Kasich was born in McKees Rocks, Pennsylvania, an industrial town near Pittsburgh. He is the son of Anne (Vukovich) and John Kasich, who worked as a mail carrier. He went to school in McKees Rocks and attended college at Ohio State.
In 1978 at age 26, Kasich was the youngest person ever elected to the Ohio Senate. One of his first acts as a state senator was to refuse a pay raise. In 1982, Kasich ran for Congress in Ohio’s 12th District, based in Columbus, Ohio.
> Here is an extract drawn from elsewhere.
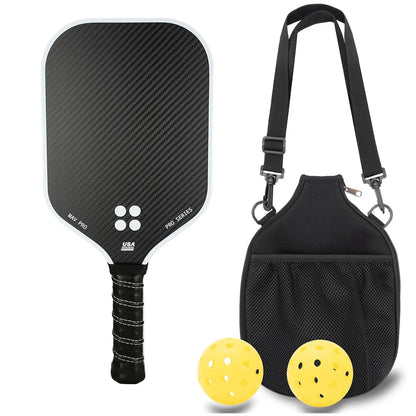 2024 Joola Pickleball Paddle: Carbon Fiber 16mm Tournament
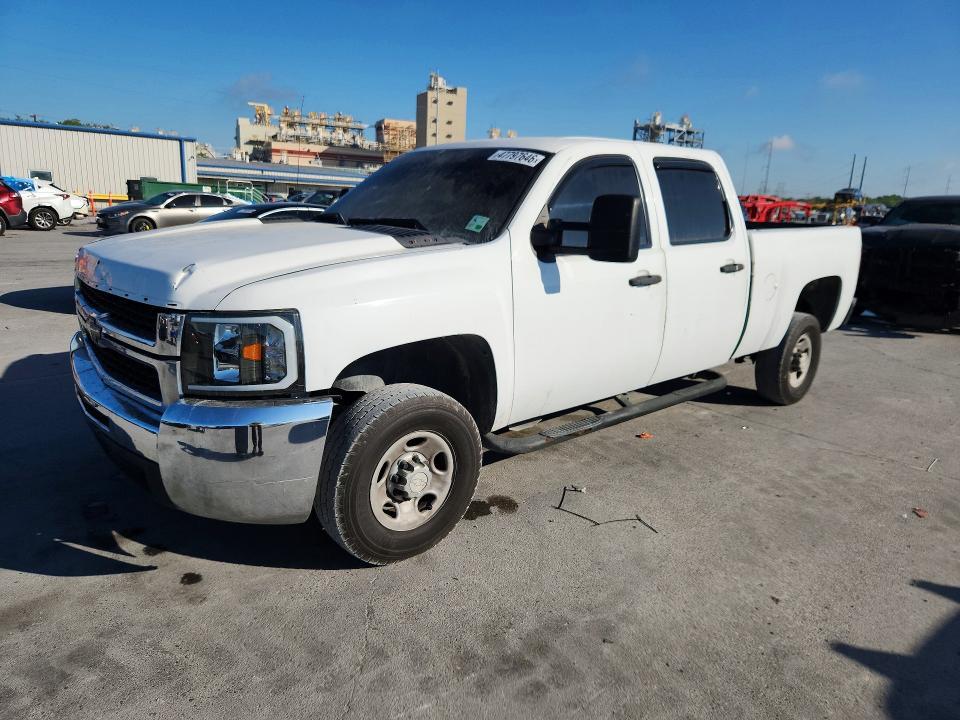 2009 Chevrolet Silverado C2500 Heavy Duty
He won the Republican primary with 83% of the vote, and defeated incumbent Democrat U.S. Congressman Bob Shamansky in the general election by a margin of 50%–47%. Kasich was re-elected eight times after 1982, winning at least 64% of the vote each time.
Kasich, while in Congress he made a name for himself as a deficit hawk who ultimately helped broker a bipartisan balanced budget agreement in 1997, which helped lead to large surpluses — a feat he has repeated as governor.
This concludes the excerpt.